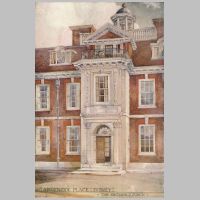 Ernest Newton, Ardenrun Place Surrey, c 1910, image on meisterdrucke.at.jpg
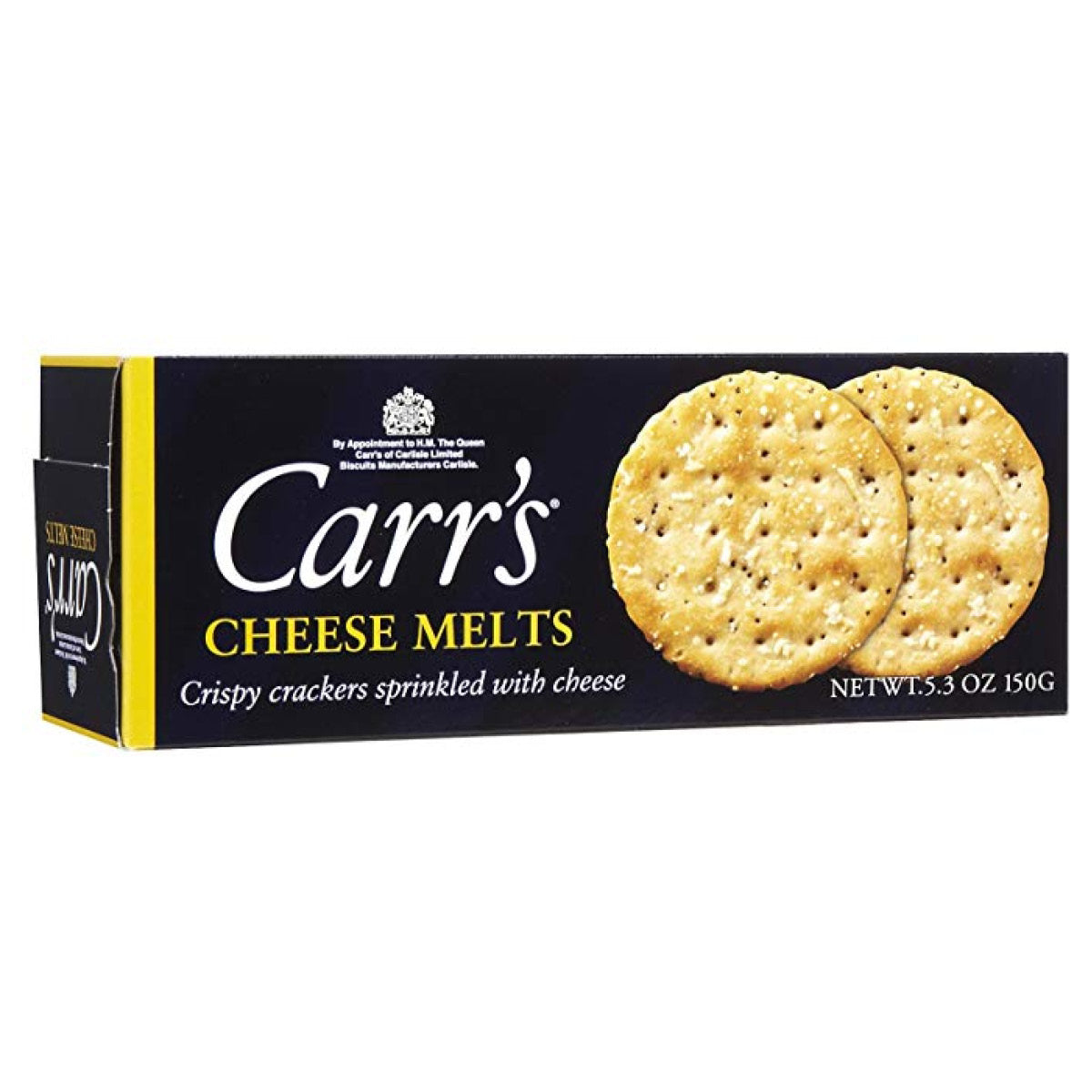 Carrs Cheese Melt Crackers, 150g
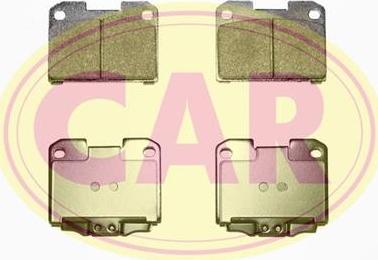 CAR PNT2201 - Гальмівні колодки, дискові гальма autozip.com.ua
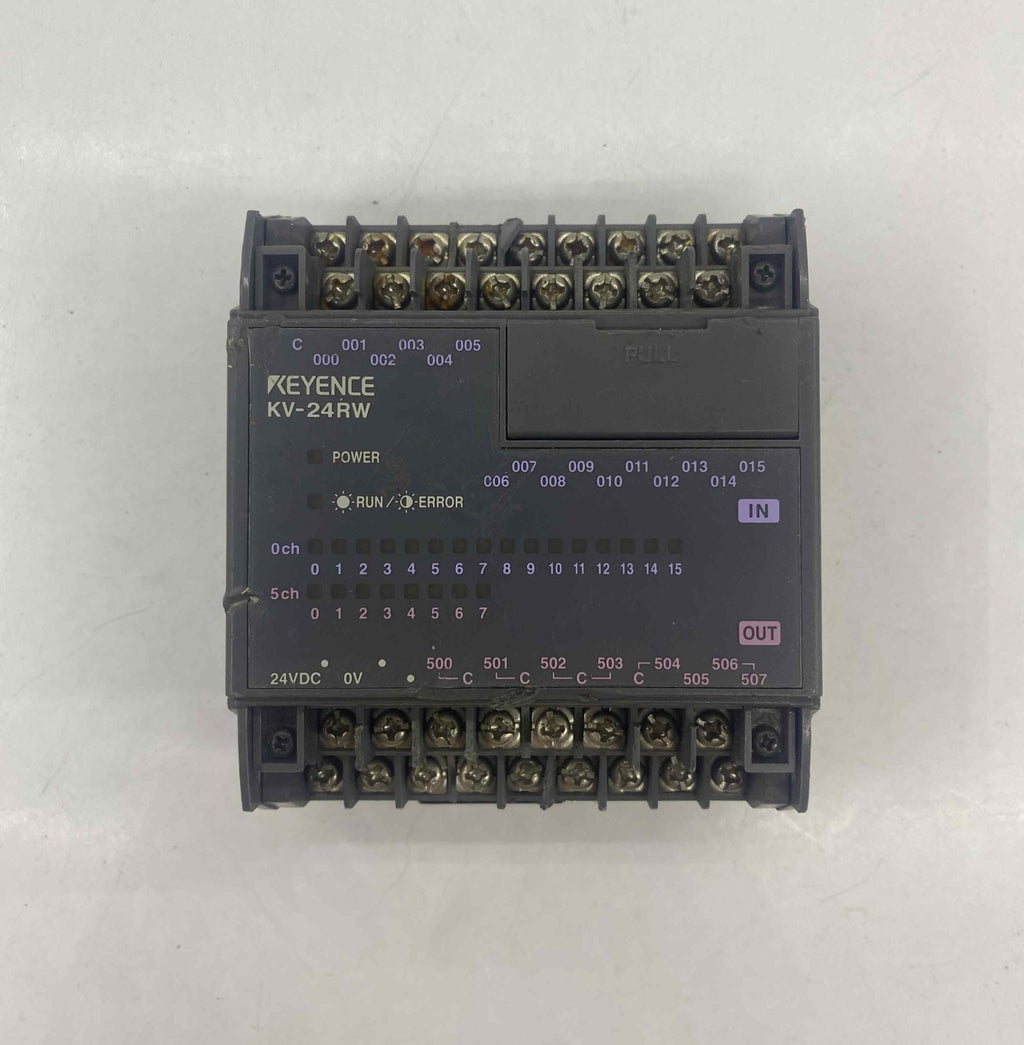 KEYENCE KV-24RW PLC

Goal of the exercise ▸
Give the preceding data back exactly, minus every picture.

Exercise result ▸
 Ernest Newton, Ardenrun Place Surrey, c 1910, image on meisterdrucke.at.jpg
 Carrs Cheese Melt Crackers, 150g
 CAR PNT2201 - Гальмівні колодки, дискові гальма autozip.com.ua
 KEYENCE KV-24RW PLC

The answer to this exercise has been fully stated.